The Man Who Would Shape the Future of War

General Sherman's Destructive Path Blazed a New Strategy

By Jay Tolson
Posted 6/24/07
Page 3 of 3

Psychological. But as both McPherson and Marszalek emphasize, a lot depends on how you define total war. To Marszalek, Sherman's way of war fell short of total because it had limits and never targeted civilians directly. Both historians also agree that Sherman's greatest innovation was in psychological warfare. "Sherman came to the conclusion," says Marszalek, "that the best way to end the war was not to continue the bloody head-to-head fighting but to convince Southerners through destructive and psychological warfare that their government could not defend them...and that the Confederacy itself was, in Sherman's words, 'a hollow shell.'"

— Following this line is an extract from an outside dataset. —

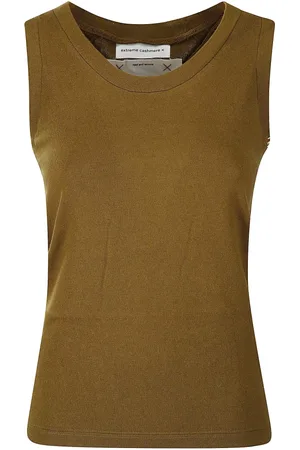 EXTREME CASHMERE Donna, Top, Marrone, Taglia unica, new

Union Gen. William Sherman seemed to use psychological warfare to prove to Confederate citizens that their government could not defend them.
(Corbis Bettmann)

Even though he helped make war a greater hell, Sherman never doubted its necessity. Three years after delivering his famous remarks, he spoke just as directly from the heart: "Wars are not all evil; they are part of the grand machinery by which this world is governed, thunderstorms which purify the political atmosphere, test the manhood of a people, and prove whether they are worthy to take rank with others engaged in the same task by different methods."